A travers le personnage de son héroïne, emmurée vivante, Ingeborg Bachmann dénonce un art et renonce à un art qui accepte de vouer Eurydice à l’ombre, Orphée à la perte et l’œuvre à la pierre. Moi disparaît en même temps que la possibilité d’écrire et d’aimer simultanément. Mais en remettant à Malina sa plume, elle ne signifie pas qu’elle se résigne à un roman qui soit une mort, selon la formule de Barthes. Car Malina, employé au ministère des armées, n’a pour vocation que de raconter "les histoires dont sont faites la grande Histoire", c’est-à-dire des histoires non d’amour, mais de guerre et de mort. En mettant en scène la mort de la femme aimante et écrivante, Bachmann stigmatise les limites de l’écriture à venir de Malina ; et surtout elle construit simultanément, en filigrane, une autre façon d’écrire qui passe par la destruction du temple, non sans faire écho à ce que prescrit Maurice Blanchot : "écrire, c’est vouloir détruire le temple, avant de l’édifier ; c’est du moins, avant d’en passer le seuil, s’interroger sur les servitudes d’un tel lieu, sur la faute originelle que constituera la décision de s’y clôturer.
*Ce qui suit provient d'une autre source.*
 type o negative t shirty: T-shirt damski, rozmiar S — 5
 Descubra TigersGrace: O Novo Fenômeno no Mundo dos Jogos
Ecrire, c’est finalement se refuser à passer le seuil, se refuser à ’écrire’ ". Le récit dans Malina, c’est à la fois la relation de l’événement qui justifie la destruction du temple, c’est-à-dire la perte d’amour menant à la mort d’Eurydice-Orphée, de celle qu’il n’est donc pas permis de nommer Orphea, puisqu’il lui est interdit d’être à la fois Eurydice et Orphée ; et c’est l’événement même que constitue la reconstruction d’une autre forme d’écriture, qui mêlent les formes et les genres, défait, déstructure, fragmente et répète, multiplie les rythmes, procède par variations successives d’un thème. Le traitement du mythe d’Orphée est exemplaire de ce qui est à l’œuvre dans cette écriture : la déconstruction est constitutive de la reconstruction, une reconstruction fragmentée, transformée, détournée, voilée, mêlant différents mythes et différentes traditions mythiques, à peine identifiable tellement elle est bouleversée.
L’écriture est musicale, polyphonique, c’est une synchronie de voix, plus proche de l’opéra que du roman. La voix de Celan, en particulier, est donnée à découvrir et à entendre, sourde, souterraine, cryptée dans le texte — seule façon d’évoquer l’amour d’une femme et d’un homme qui furent poète(sse)s : la rencontre, secrète, à peine audible, de deux voix, un chant peut-être, peut-être juste une musique : "Tu ne dois pas pleurer / dit une musique. / Sinon / personne / ne dit / rien." C’est cela, pour Ingeborg Bachmann, le livre à venir.